Webnode () is an online website builder system, and developed by Westcom, s.r.o, a company based in Brno, Czech Republic. It can be compared with other online systems like Weebly or WIX.

The website builder is known for its simplicity and allows users to create a site by dragging and dropping elements such as blogs, photo galleries and much more.

History 

Westcom, Ltd. started development of Webnode in September 2006 and officially launched 16 months later in January 2008.

Originally since 2002, the developer company Westcom had created online applications for large customers and had developed a system they could use for making it easier for programmers to launch and create new websites.
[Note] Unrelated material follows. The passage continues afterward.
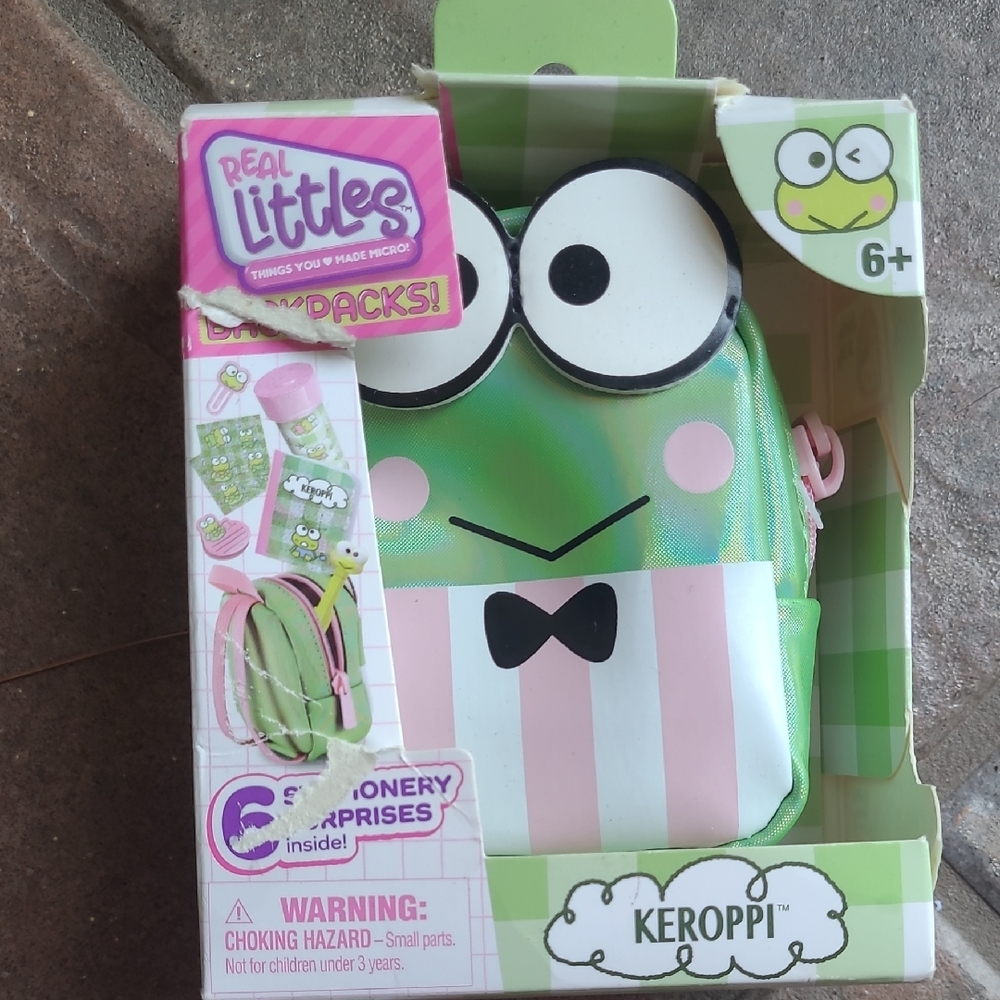 New in box! Hello Kitty Real Littles Keroppi Green & Pink Mini Backpack Surprise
From this framework system came the idea of creating a website builder tool for non-technical users.

First the Czech version was launched and then the Slovak one became operational in early June. By the end of 2008 Webnode had more than 200,000 users in more than 80 countries around the world, including the United States, Spain and China. Two years later, in 2010, its user base raised to more than 2,000,000 users and it had 12 language versions.

Features 
Webnode is a drag-and-drop online website builder with 3 different website solutions: Personal websites, Business websites and e-commerce websites.

The system can be run on most Internet browsers such as Internet Explorer, Mozilla Firefox, Netscape, Google Chrome, Safari and Opera.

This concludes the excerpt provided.